• [What is being asked]: Could you reproduce all the entries under this sentence exactly, leaving the images aside?

• [Dataset records]:
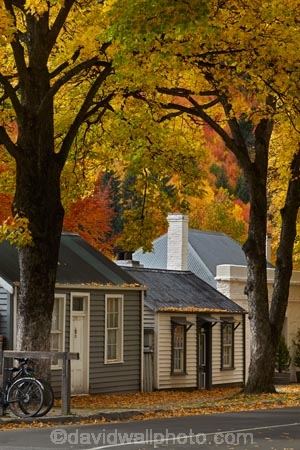 Arrowtown;Arrowtown-cottages;autuminal;autumn;autumn-colour;autumn-colours;autumnal;Buckingham-St;Buckingham-Street;building;buildings;color;colors;colour;colours;cottage;cottages;deciduous;fall;gold;golden;heritage;historic;historic-building;historic-buildings;historic-cottage;historic-cottages;historical;historical-building;historical-buildings;historical-cottage;historical-cottages;history;leaf;leaves;N.Z.;New-Zealand;NZ;old;Otago;Queenstown;S.I.;season;seasonal;seasons;SI;South-Is;South-Is.;South-Island;Southern-Lakes;Southern-Lakes-District;Southern-Lakes-Region;Sth-Is;tradition;traditional;tree;trees;yellow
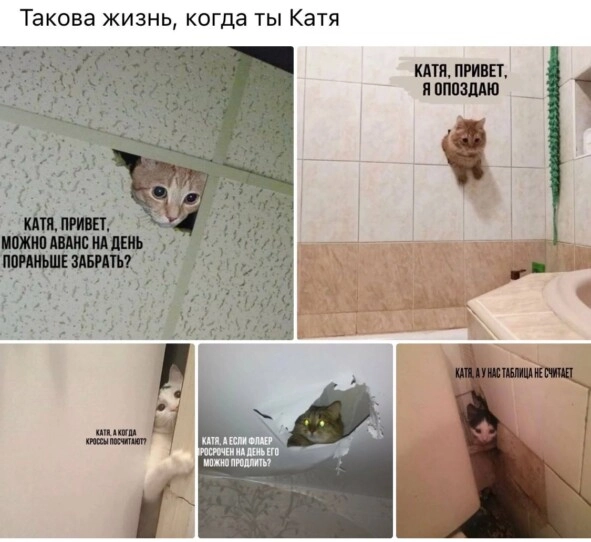 Реальные квесты — 8 лет в подвальном бизнесе Реальные квесты — 8 лет в подвальном бизнесе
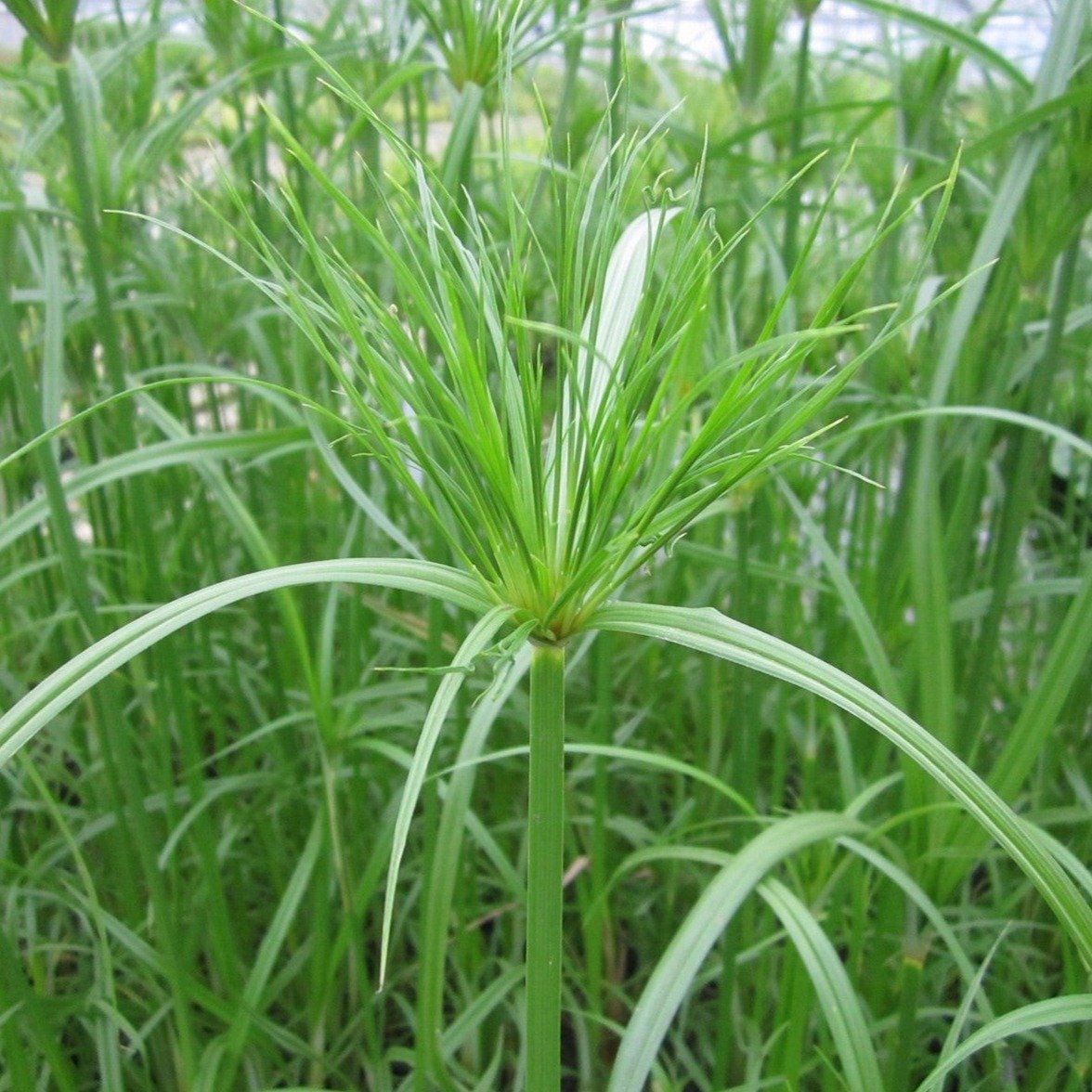Egyptian Paper Rush (Cyperus papyrus)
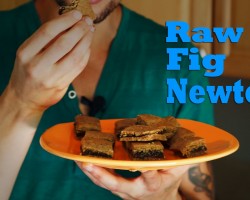 Fig Newtons: Raw Vegan Cookie Recipe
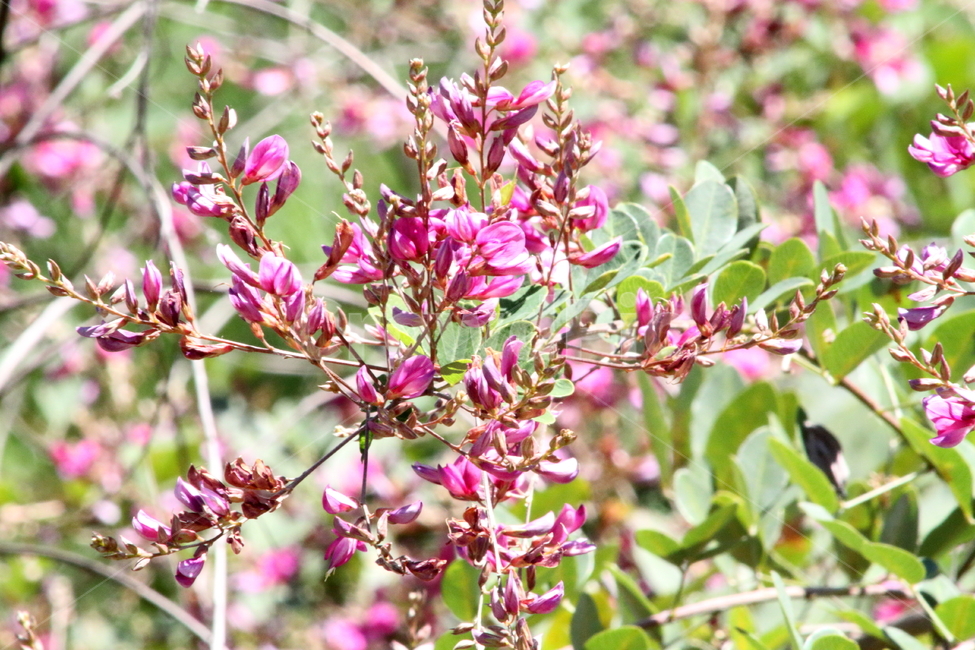 싸리나무,꽃,야생화,콩과식물,bushclover,식물,자연,plants,nature,꽃,flower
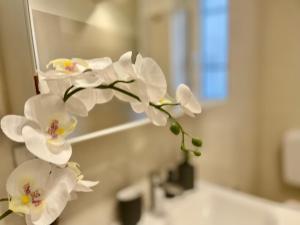 Happy Family Apartments Incantesimo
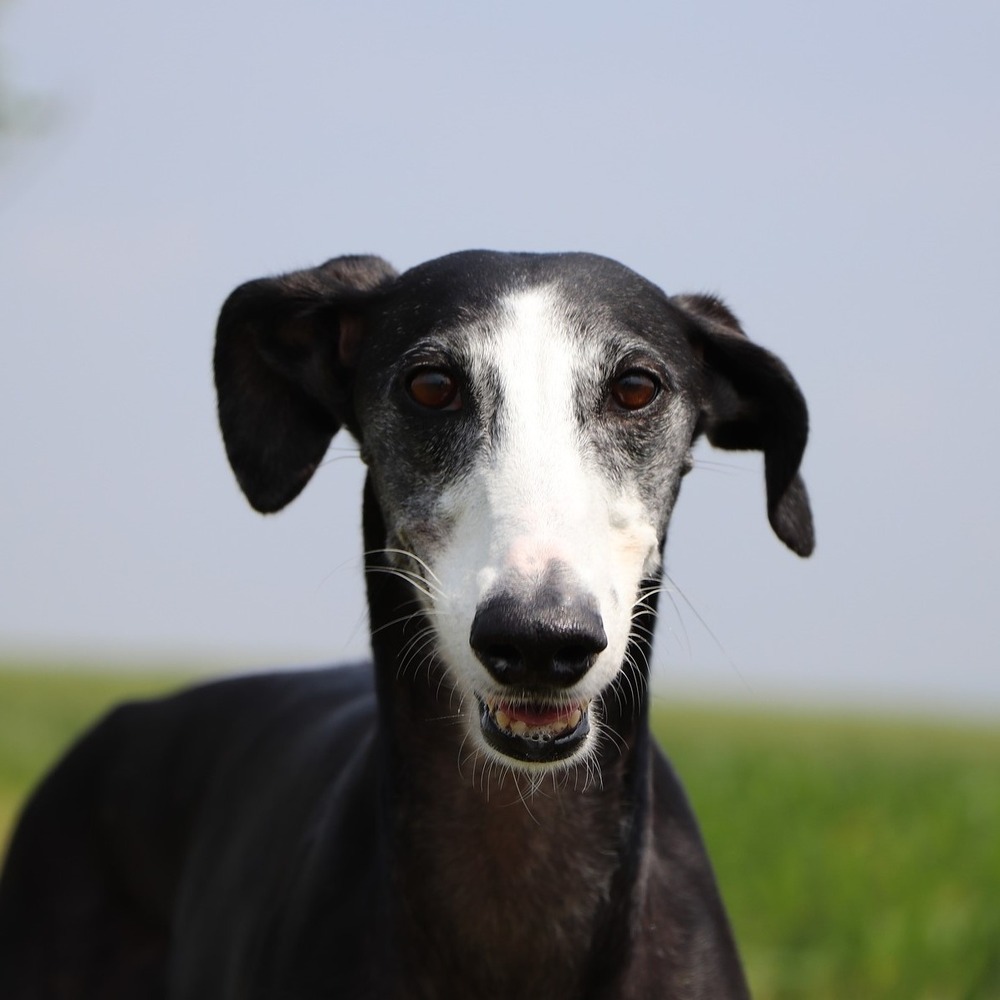 Galgo Español sitting calmly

• [Solved exercise]:
 Arrowtown;Arrowtown-cottages;autuminal;autumn;autumn-colour;autumn-colours;autumnal;Buckingham-St;Buckingham-Street;building;buildings;color;colors;colour;colours;cottage;cottages;deciduous;fall;gold;golden;heritage;historic;historic-building;historic-buildings;historic-cottage;historic-cottages;historical;historical-building;historical-buildings;historical-cottage;historical-cottages;history;leaf;leaves;N.Z.;New-Zealand;NZ;old;Otago;Queenstown;S.I.;season;seasonal;seasons;SI;South-Is;South-Is.;South-Island;Southern-Lakes;Southern-Lakes-District;Southern-Lakes-Region;Sth-Is;tradition;traditional;tree;trees;yellow
 Реальные квесты — 8 лет в подвальном бизнесе Реальные квесты — 8 лет в подвальном бизнесе
Egyptian Paper Rush (Cyperus papyrus)
 Fig Newtons: Raw Vegan Cookie Recipe
 싸리나무,꽃,야생화,콩과식물,bushclover,식물,자연,plants,nature,꽃,flower
 Happy Family Apartments Incantesimo
 Galgo Español sitting calmly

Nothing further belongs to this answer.